THE INPUT —

● ● ● ●

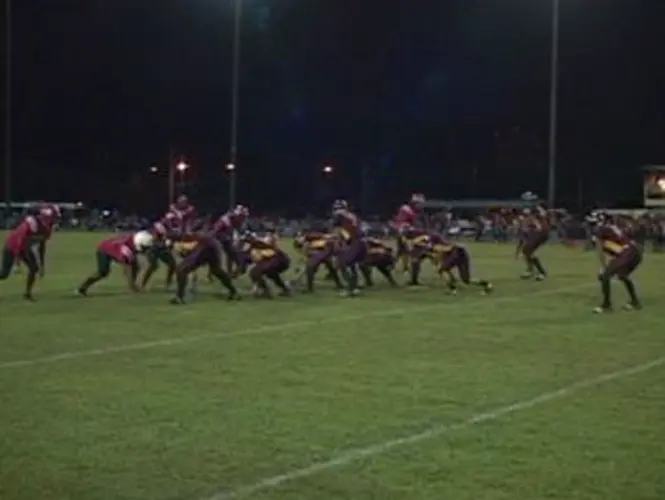 Friars eliminate Bulldogs in romp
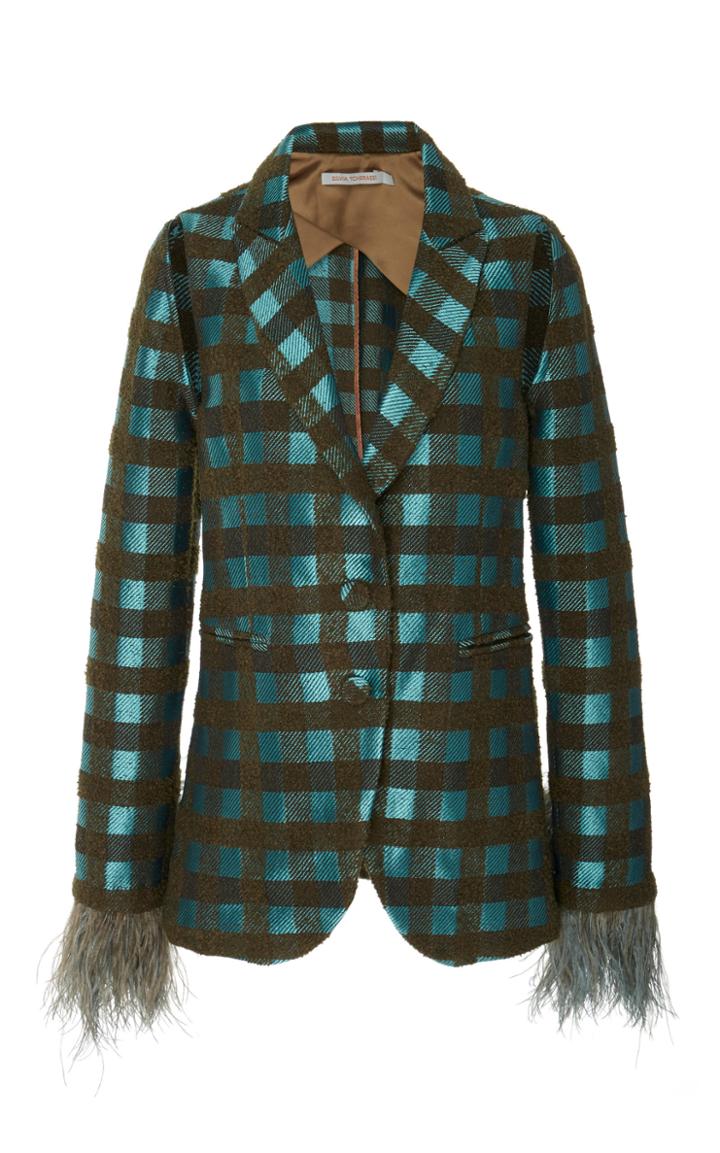 Silvia Tcherassi Davina Jacket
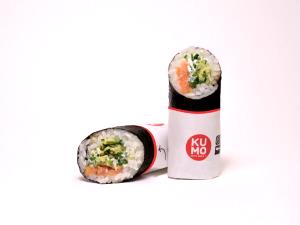 1 package (273 g) Cream Cheese Roll with Salmon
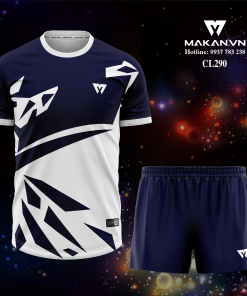 Áo Cầu Lông CL290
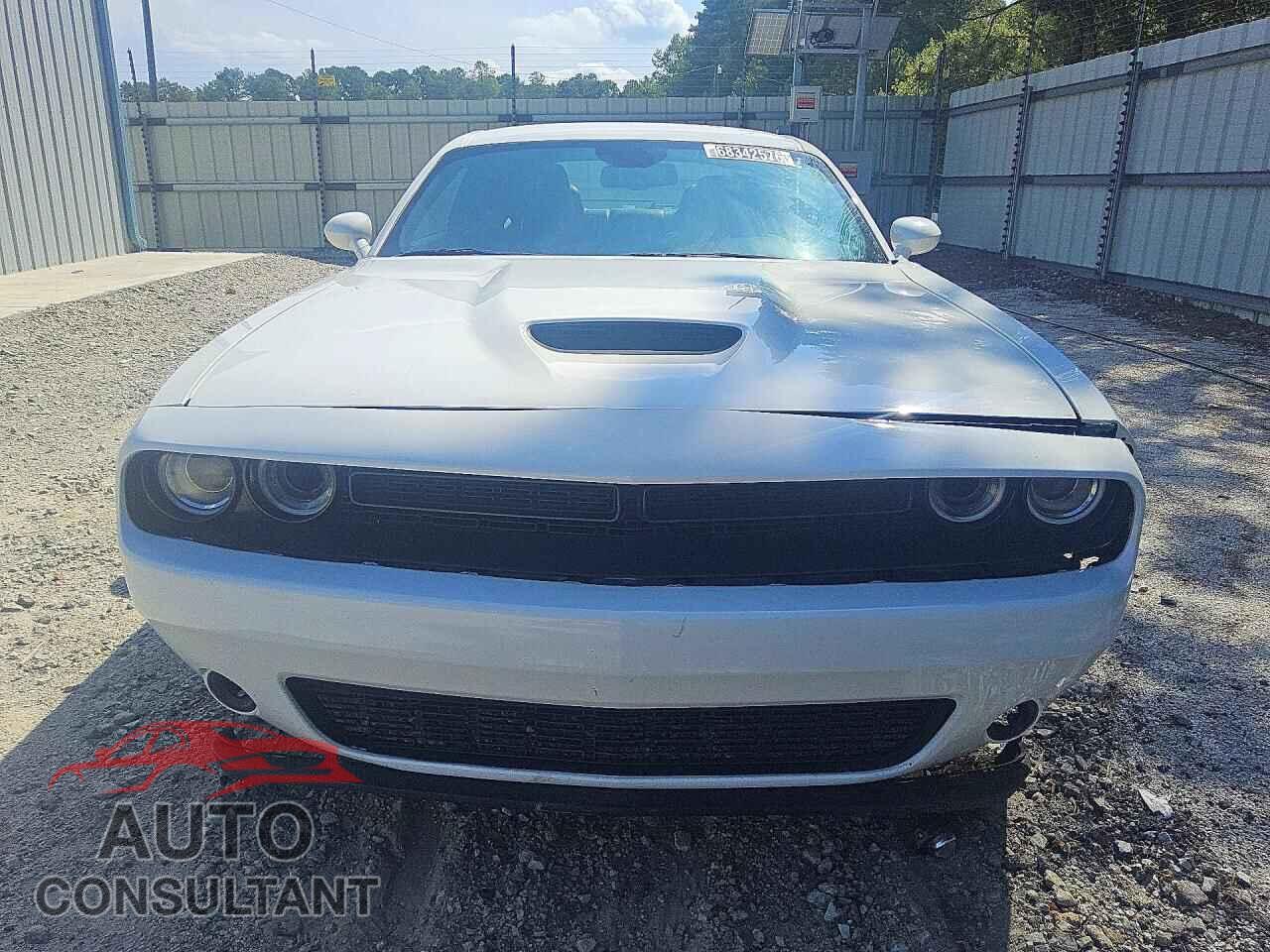 DODGE CHALLENGER 2022 - 2C3CDZBT2NH234113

● ● ● ●

TASK REQUIREMENTS —
Although the records contain pictures, print only the rest, exactly as written.

SOLUTION TO THIS EXERCISE —
 Friars eliminate Bulldogs in romp
 Silvia Tcherassi Davina Jacket
 1 package (273 g) Cream Cheese Roll with Salmon
 Áo Cầu Lông CL290
 DODGE CHALLENGER 2022 - 2C3CDZBT2NH234113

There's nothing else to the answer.